People think they are getting smarter by using passphrases. Let's prove them wrong!
This project includes a massive wordlist of phrases (17,737,982) and two hashcat rule files for GPU-based cracking.
The 'passphrases.txt' file is stored in Git Large File Storage (GLFS), so download via this link or use git if you known what you're doing with GLFS.
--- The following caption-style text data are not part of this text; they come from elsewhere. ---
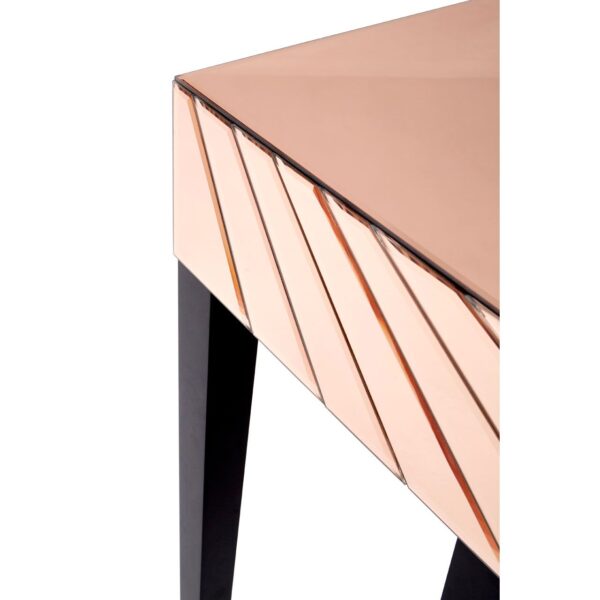 Regents Townhouse Earl Console Table - Image 5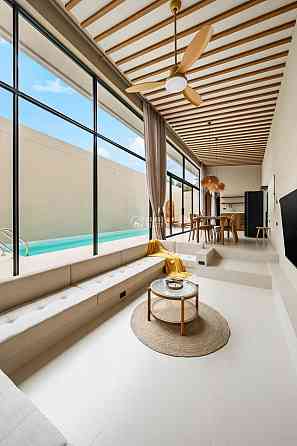 2 Beds 2 Baths House สมุย
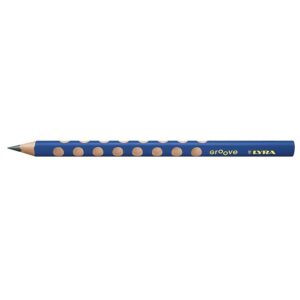 LYRA GROOVE Bleistifte 12er-Pack     - Bild 00
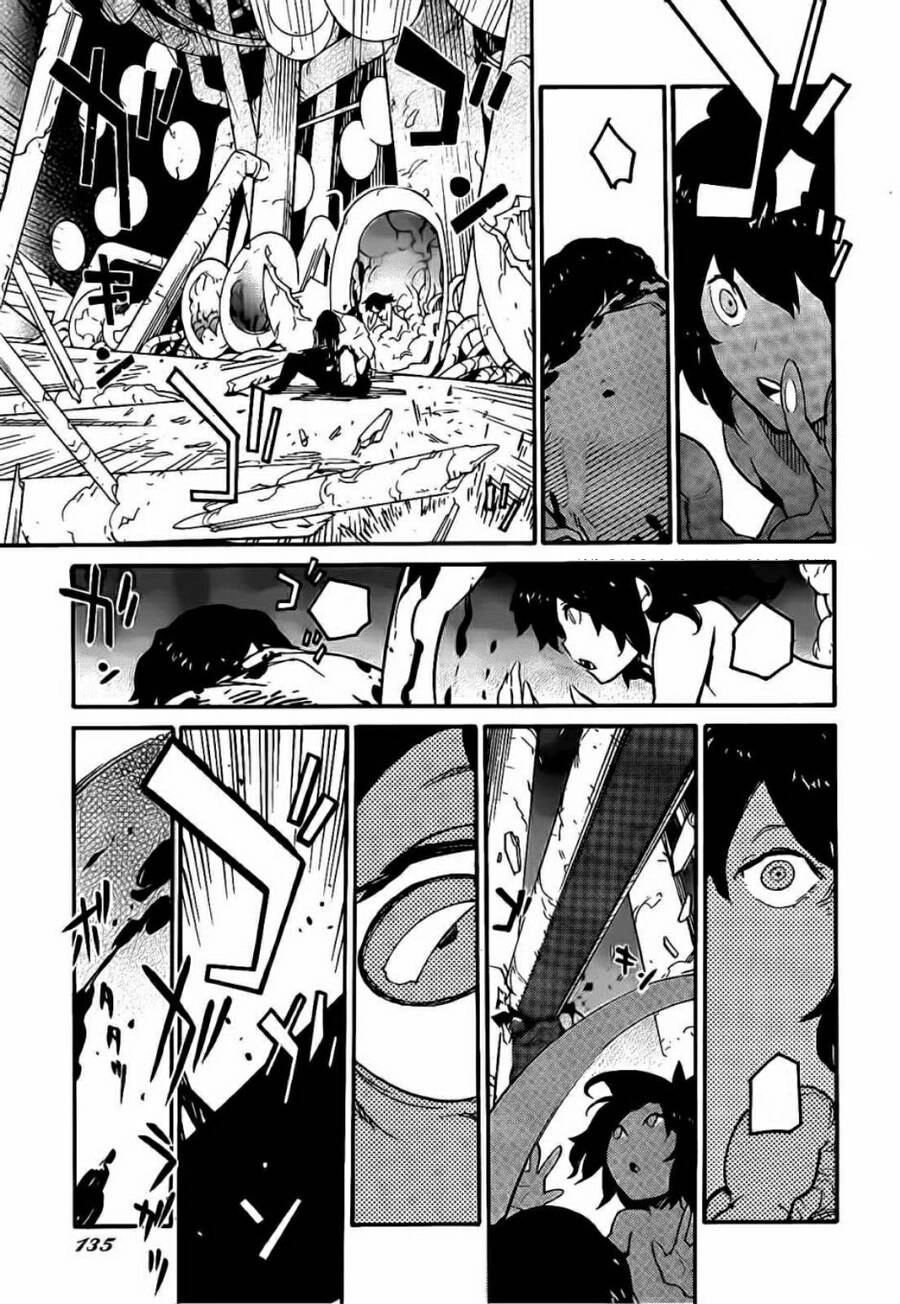 Ryuuma No Gagou Chapter 12 - 28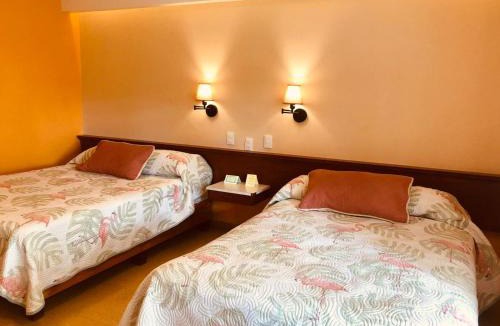 Ixtapan de la Sal Hotel | Belisana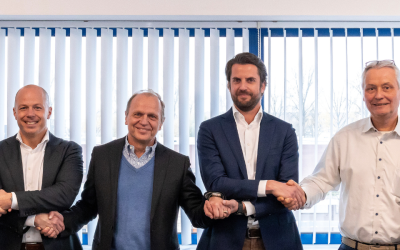 Wijlhuizen Group increases strength in Belgium with acquisition of Remco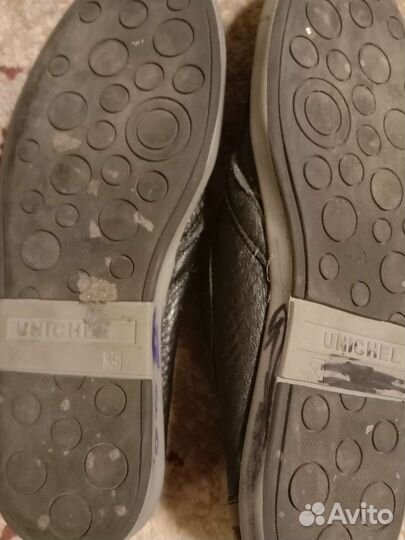 Туфли для мальчиков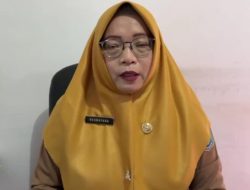Camat Kelapa Hj. Resmayana Apresiasi Kinerja Polri dan Dukung Operasi Patuh Menumbing 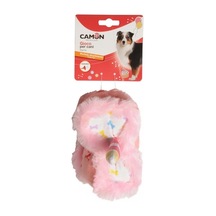 Camon Gıcırtılı Pasta Şeklinde Köpek Doğum Günü Oyuncağı 16 Cm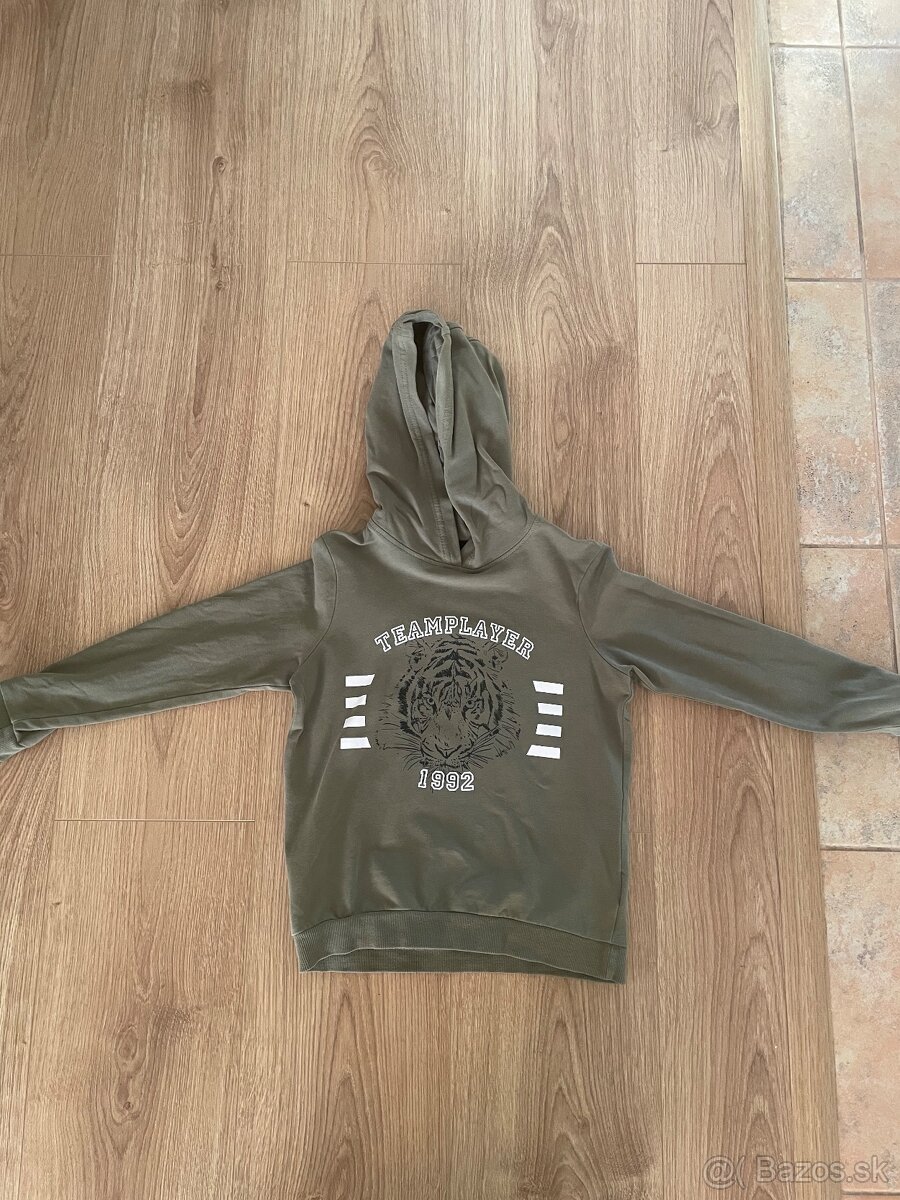 Mikiny veľkosť 4- 5 rokov - 3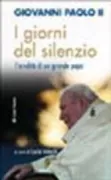 Copertina libro <b>I giorni del silenzio</b>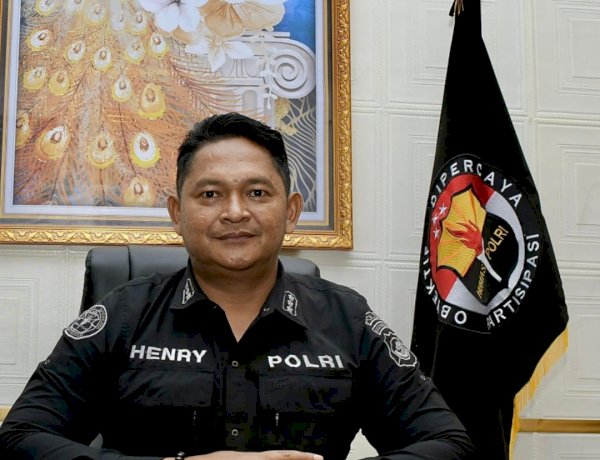 Kabidhumas Polda NTT: Kasus Dugaan Kekerasan Seksual terhadap Anak Disabilitas Ditangani Secara Profesional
Use both rules for best results.
Here is an example for NTLMv2 hashes:
hashcat64.bin -a 0 -m 5600 hashes.txt passphrases.txt -r rule1.hashcat -r rule2.hashcat -O -w 2
So far, I've scraped the following:
- 15,000 Useful Phrases
- Urban Dictionary dataset pulled Dec 09 2017 using this great script.
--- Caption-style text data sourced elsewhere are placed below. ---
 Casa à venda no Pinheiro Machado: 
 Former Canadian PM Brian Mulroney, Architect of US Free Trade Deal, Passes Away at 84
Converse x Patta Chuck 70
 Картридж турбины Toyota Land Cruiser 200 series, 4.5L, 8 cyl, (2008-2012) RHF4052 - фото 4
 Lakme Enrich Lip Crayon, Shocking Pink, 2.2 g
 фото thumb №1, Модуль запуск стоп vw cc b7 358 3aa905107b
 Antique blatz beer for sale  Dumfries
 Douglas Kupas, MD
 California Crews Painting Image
- Song lyrics for Rolling Stone's "top 100" artists using my lyric scraping tool.
- Movie titles and lines from this Cornell project.
- "Titles" from the IMDB dataset on Kaggle.
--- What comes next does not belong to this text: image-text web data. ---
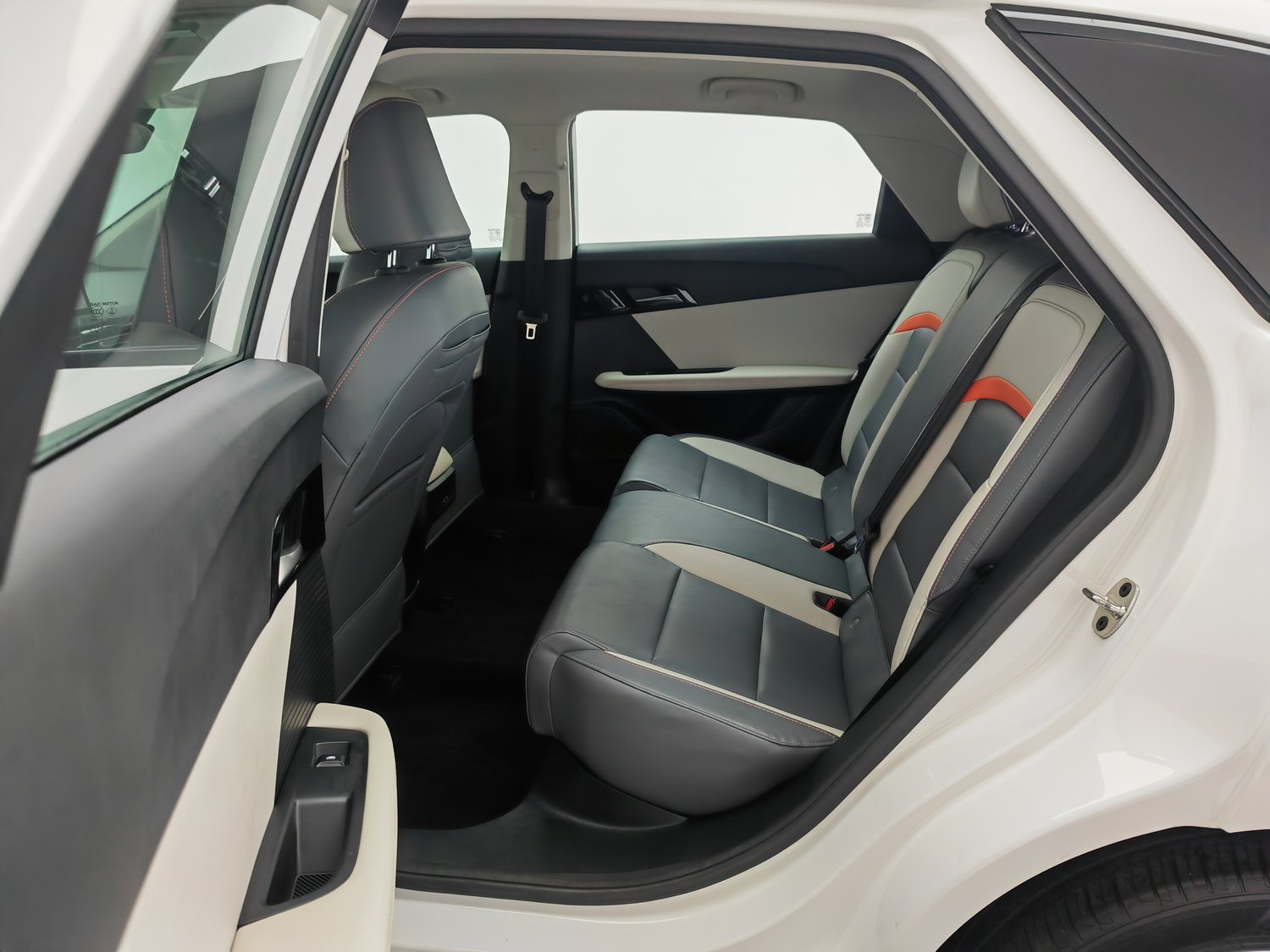 Used MG 4 Electric 2023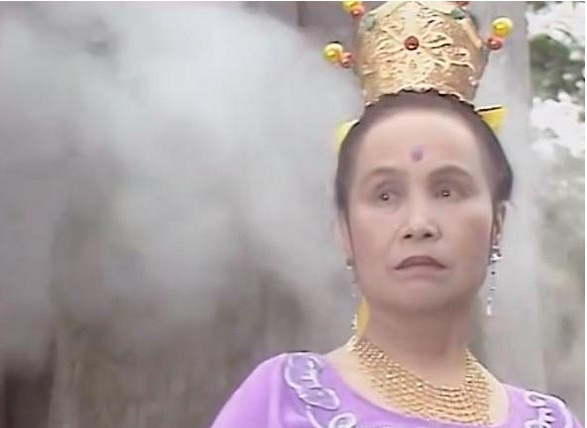 多目怪双眼已瞎，毗蓝婆为何还让他看守山门？原因在孙悟空身上！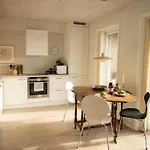 Modern 1br, Balcony & Free Parking Stavanger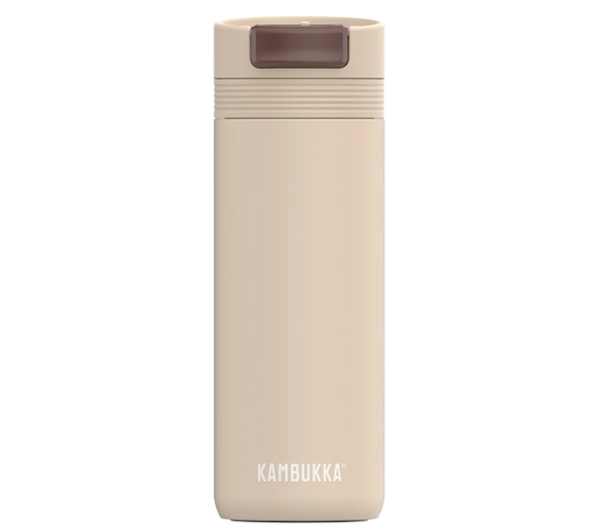 Kambukka Cabo 0,5l Beige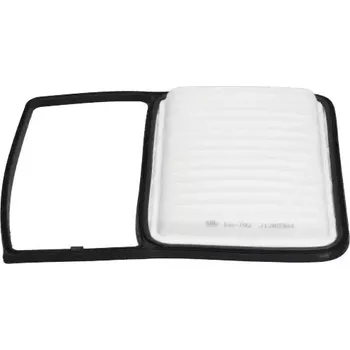 Vzduchový filtr KAVO PARTS Vzduchový filtr KVP DA-792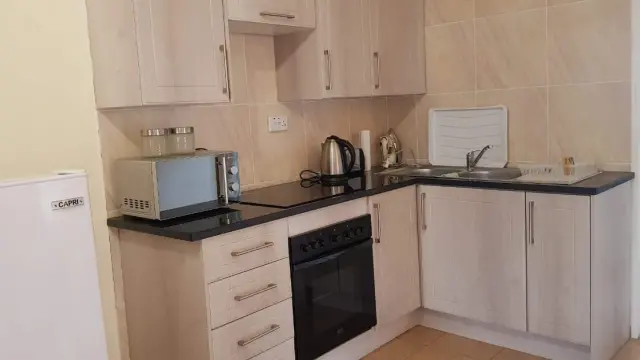 Cottage/Garden Flat to Rent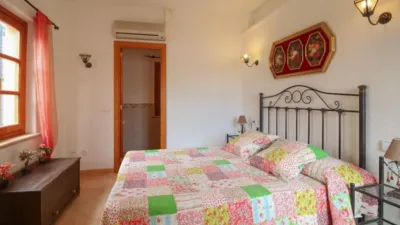 Semi-detached house in Ciutat d'Alcúdia photo 14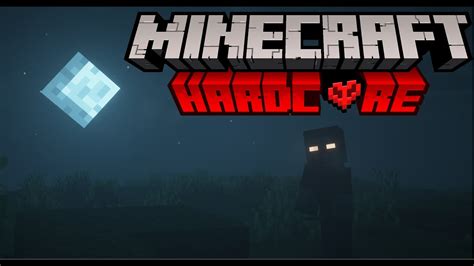 Zombie Apokalypse Hardcore #1 minecraft #hardcore - YouTube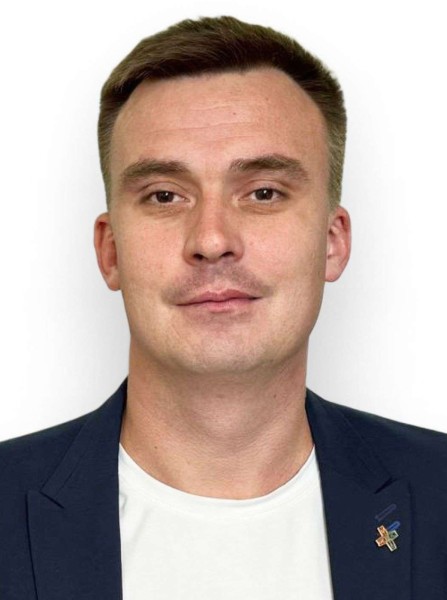 Дамир Кямильевич Тугушев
- Global POI dataset using the 'allCountries' file.
- Quotables dataset on Kaggle.
- MemeTracker dataset from Kaggle.
- Wikipedia Article Titles dataset from Kaggle.
- 1,800 English Phrases
- 2016 US Presidential Debates dataset on Kaggle.
Check out the script cleanup.py to see how I've cleaned the raw sources. You can find the pre-cleaned data here.
Given the phrase take the red pill
the first hashcat rule will output the following
take the red pill
take-the-red-pill
take.the.red.pill
take,the,red,pill
take_the_red_pill
taketheredpill
Take the red pill
TAKE THE RED PILL
tAKE THE RED PILL
Taketheredpill
tAKETHEREDPILL
TAKETHEREDPILL
Take The Red Pill
TakeTheRedPill
Take-The-Red-Pill
Take.The.Red.Pill
Take,The,Red,Pill
Take_The_Red_Pill
Adding in the second hashcat rule makes things get a bit more interesting. That will return a huge list per candidate. Here are a couple examples:
T@k3Th3R3dPill!
T@ke-The-Red-Pill
taketheredpill2020!
T0KE THE RED PILL (unintentional humor)
Enjoy!